Periodic Reporting for period 1 - ML-MULTIMEM (Machine Learning-aided Multiscale Modelling Framework for Polymer Membranes)
Reporting period: 2021-11-15 to 2023-11-14
1. We developed a ML-based multiscale simulation strategy, bridging atomic and coarse-grained scales, for the study of macromolecular and organic systems at bulk conditions.
2. We incorporated the developed ML method into open-source packages and widely used simulation tools.
3. We utilized the developed strategy to simulate organic liquids and polymers of industrial interest (polyethylene, PIM-1), to showcase its application to real-world test cases.
This work holds societal significance due to the pervasive use of polymers in manufacturing, healthcare, energy, and environmental technologies.
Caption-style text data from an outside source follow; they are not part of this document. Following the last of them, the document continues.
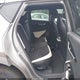 KNDC4DLC6N5049213 2022 Kia Ev6 Gt-Line auction photo thumbnail 8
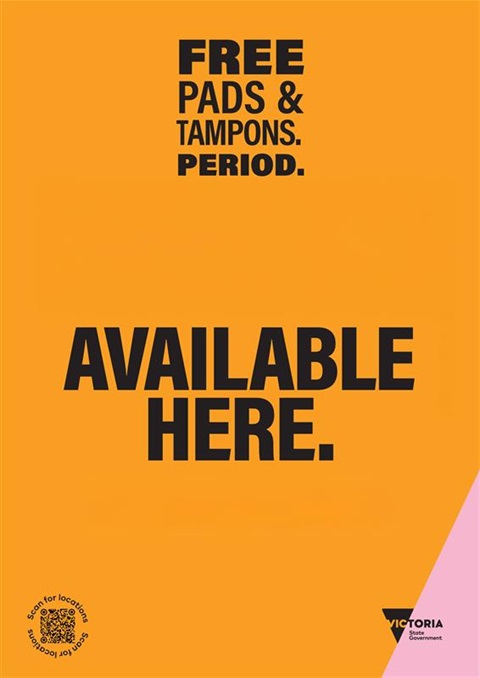free-pads-&-tampons-a4-poster-(available-here.-ask-our-staff) (1).jpg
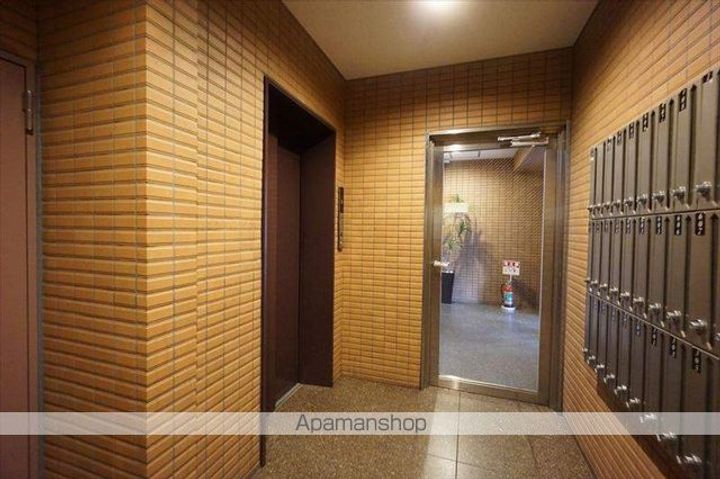 クレスト泉のその他画像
Improving our capacity to design polymers efficiently has the potential to catalyse breakthroughs in diverse sectors. The proposed ML-based approach offers a pathway to potentially increase efficiency and versatility of molecular modelling more generally, with broad implications for advancements in a multitude of industries and technologies.
It was found that multiple criteria need to be evaluated in order to identify a suitable model, and these criteria are not only related to training metrics, but also to simulations performed with the trained models. Particularly important is the definition of the components in the loss function and their relative weight during the training. In this regard, a dedicated study of self-adaptive methods for the determination of loss function coefficients was conducted, and a statistically-grounded scoring procedure was proposed to evaluate different methods and identify the best one.
Open-source codes (SchNetPack) were extended in order to enable the study of macromolecular systems by incorporating connectivity, particle typing, and molecule membership information, allowing to discriminate inter- and intramolecular particle neighbours. Moreover, the developed models were interfaced with popular open-source molecular dynamics codes (LAMMPS). These contributions to open-source projects allow a broad diffusion and exploitation of the project results.
The project results were widely disseminated to the research community through the publication of 2 conference papers and the participation to diverse scientific congresses, with focus on artificial intelligence, materials science, and engineering, promoting interdisciplinary knowledge transfer. The work was also presented in several seminars and invited talks for national and international audiences. Moreover, the project team has collaborated to the organization of the scientific workshop “AI in Natural Sciences and Technology (AINST)”. Outreach actions allowed interaction with the general public, especially pupils and high-school students.
The project has tackled the study of organic and macromolecular systems at bulk conditions, whereas previous literature reports mostly focused on isolated macromolecules for the development of ML CG force fields. This required the extension of the methods to consider also connectivity, particle typing, and molecule membership information. The codes developed during the project, implementing the aforementioned extensions are shared as open source projects, to maximize impact and exploitation of the results.
The problem of learning using a multicomponent loss function, which constituted a clear need in the ML-MULTIMEM setting, was address by investigating self-adaptive methods for loss function coefficients determination. Moreover, a ranking procedure for comparative analyses of different methods was developed. Even though it was tested here in the context of a natural science application, the problem of multicomponent loss learning is a general one, and therefore the proposed method can be applied in a broad variety of settings.